The book, from Indiana University Press, will analyze the impact of the Great Recession on people in or near poverty and offers bipartisan solutions. It is scheduled for publication late this year.
“What Dean Graham and Professor Seefeldt have done in their analysis is to unflinchingly examine how this ‘jobless recovery’ affects the swelling ranks of the poor,” Smiley writes in a foreword to the book. He predicts for Americans living in poverty, 50 million and growing, “the hard times are about to get worse.”
There are too few new jobs and long-term unemployment compounds the misery of those without work. Additionally, those earning minimum wage will see their buying power diminish as the economy improves and the potential for inflation returns. The bleak conclusions are “informative and illuminating,” Smiley writes, “but also atrocious and appalling.”
The book by Graham and Seefeldt (who has accepted a position at the University of Michigan) grew out of a lengthy white paper on poverty they wrote for Smiley and Princeton University Professor Cornel West. Smiley (B.A. public affairs ’03) and West used that white paper as an intellectual underpinning for what they called their “Poverty Tour”, a cross-country series of appearances aimed at drawing attention to the nation’s impoverished during the presidential primary season.

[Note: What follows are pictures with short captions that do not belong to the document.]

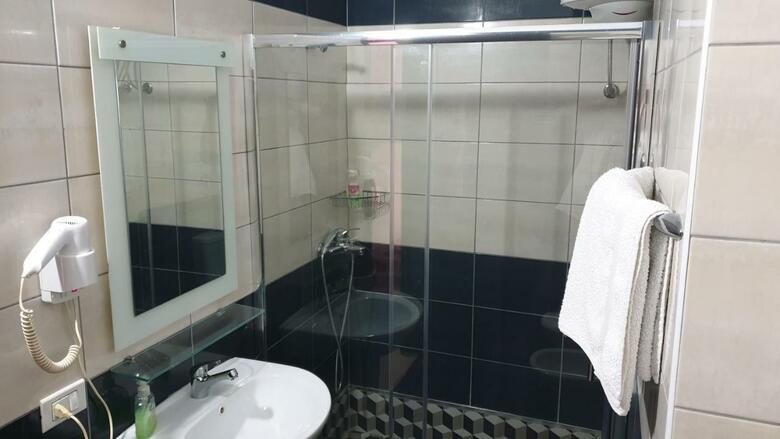 Haris Hotel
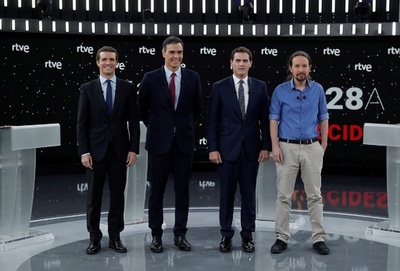 スペイン総選挙、カタルーニャ独立問題で与野党党首が激論 テレビ討論会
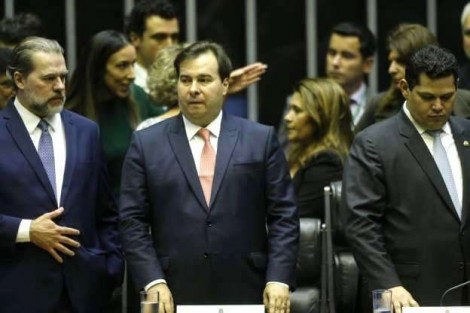 A troca de gentilezas espúrias, imorais e inescrupulosas entre o STF, a Câmara e o Senado Federal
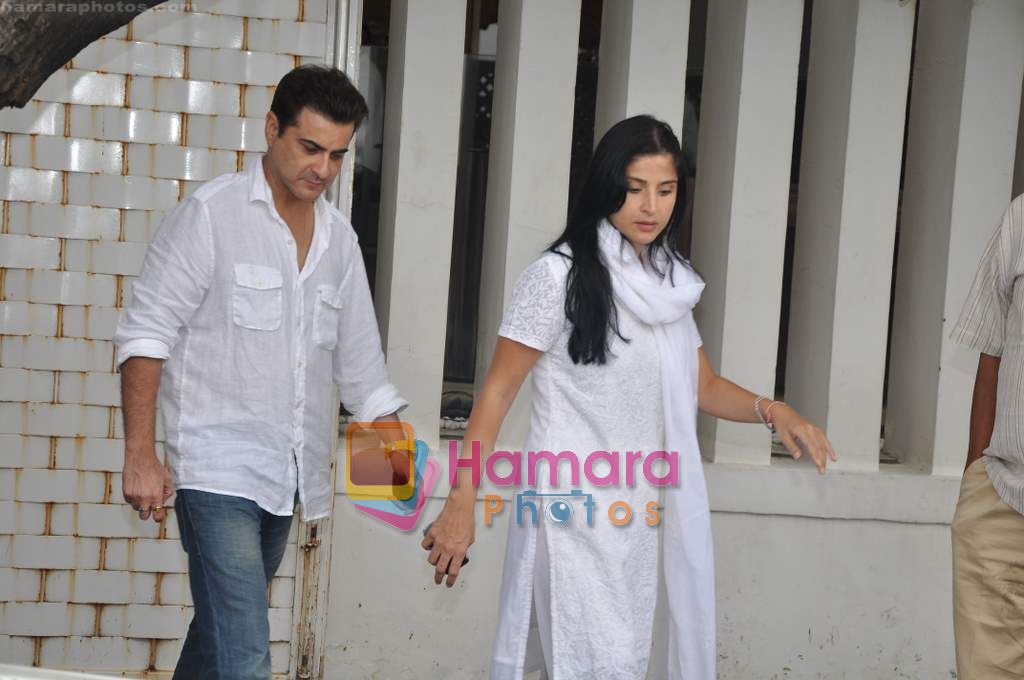 Sanjay Kapoor at Tanya Deol dad's prayer meeting in Blue Sea on 25th Aug 2010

With its publication coming as the nation prepares to inaugurate a president, the book’s jarring information about the extent of poverty will capture plenty of attention. Of equal importance is a roadmap to address the crisis that Graham and Seefeldt lay out for the election winners at the White House and on Capitol Hill. Tavis Smiley would no doubt be pleased if his prediction that the hard times are about to get worse proves wrong.